Um aber als Slum zu gelten, dazu gehört mehr. Haben sie nicht etwas Kleingeld?, würde der Berliner sagen. Wer mit seinen Worten an Elendsquartiere in Mexiko oder an von der Drogenmafia beherrschte Favelas in Brasilien denken lässt, der ist wohl einfach nur schwäbische Musterkommunen mit geregelter Kehrwoche gewöhnt.

Aber einen Grund, jetzt beleidigte Leberwurst zu spielen, wie es Klaus Wowereit oder andere Berliner Politiker tun, gibt es nicht. Falsches Wort, richtiger Anstoß: Großstädte haben ihre Probleme mit einer ausländisch-stämmigen Bevölkerung – und endlich wird darüber gesprochen. Denn was die Politik beim Thema Integration über Jahrzehnte versäumt hat, dass ist in Berlin, in Frankfurt und überall dort, wo Migranten einen hohen Anteil der Bevölkerung ausmachen, zuerst spürbar. Deswegen ist es gut, dass Schäuble mit dem Wort vom Slum schockt.

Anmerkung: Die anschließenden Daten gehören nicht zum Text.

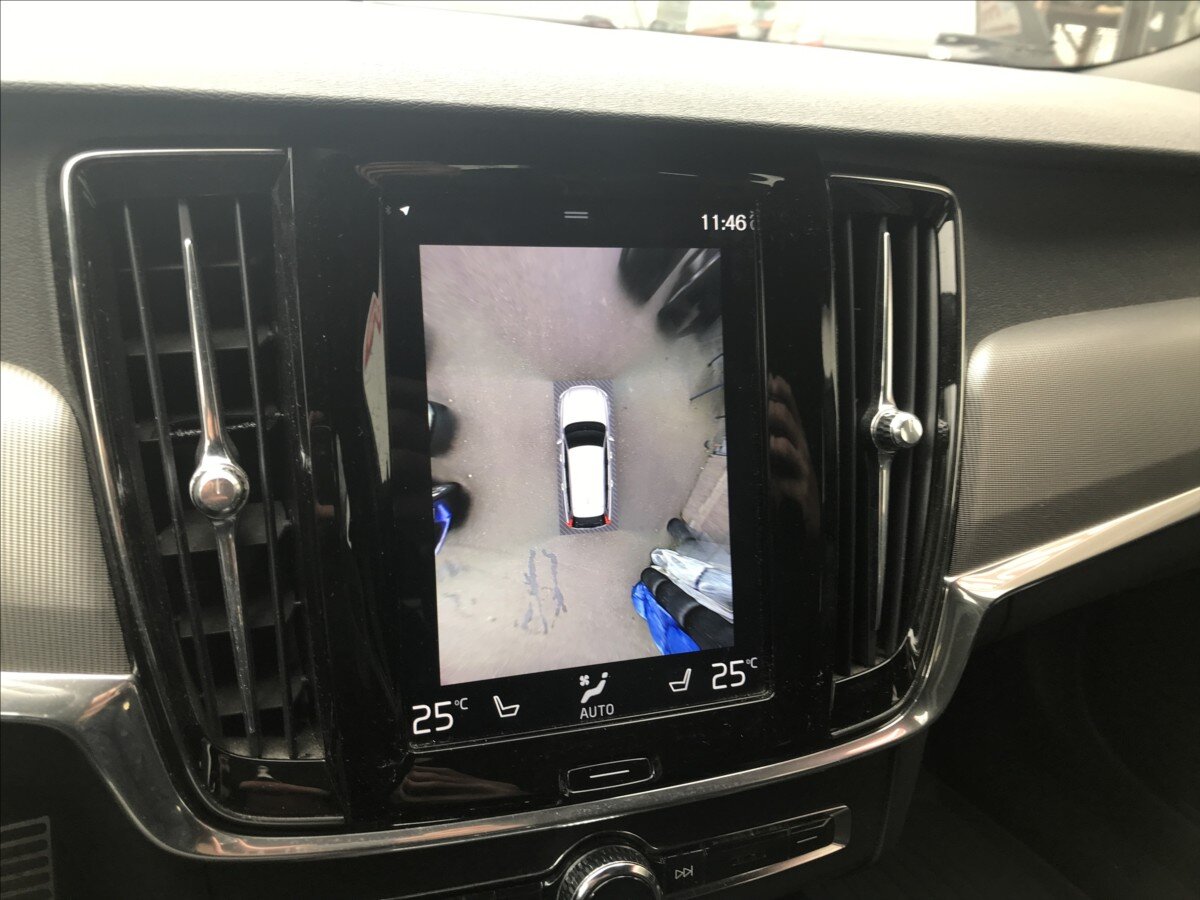 Volvo V90 Kombi 2,0 l 140 kw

Neukölln ist knallhart, das hat selbst Bezirksbürgermeister Heinz Buschkowsky vertreten. Nicht mit dem großen Wurf lassen sich die Probleme dort lösen, sondern nur durch eine beharrliche, kleinteilige Strategie. Das kann ein Bezirk nicht allein leisten, und selbst Städte brauchen die Hilfe des Bundes. Um Eltern ihre Pflichten unmissverständlich deutlich zu machen, Kindern klare Regeln zu setzen, einwandfreies Deutsch wieder zur Mehrheitssprache zu machen und das Gewaltmonopol des Staates wieder durchzusetzen, ist eine beharrliche Politik nötig, die nicht bereits morgen ihre guten Vorsätze von heute wieder vergessen hat: bis zum nächsten Brandbrief.

Dann aber braucht es einen Innenminister, der seine Worte ernst nimmt und tut, was er sagt. Wenn die Situation in Berlin-Neukölln und Hamburg-Billbrook so alarmierend ist, dann wäre eine Integrationskonferenz noch vor der politischen Sommerpause ein wichtiges Signal. Es fehlt nicht an der Analyse der Verhältnisse, es fehlt an Antworten. Die indes brauchen wir schnell. Es sind unsere Kinder, denen wir eine Zukunft geben müssen – auch in den Problemkiezen von Berlin, Frankfurt und Hamburg.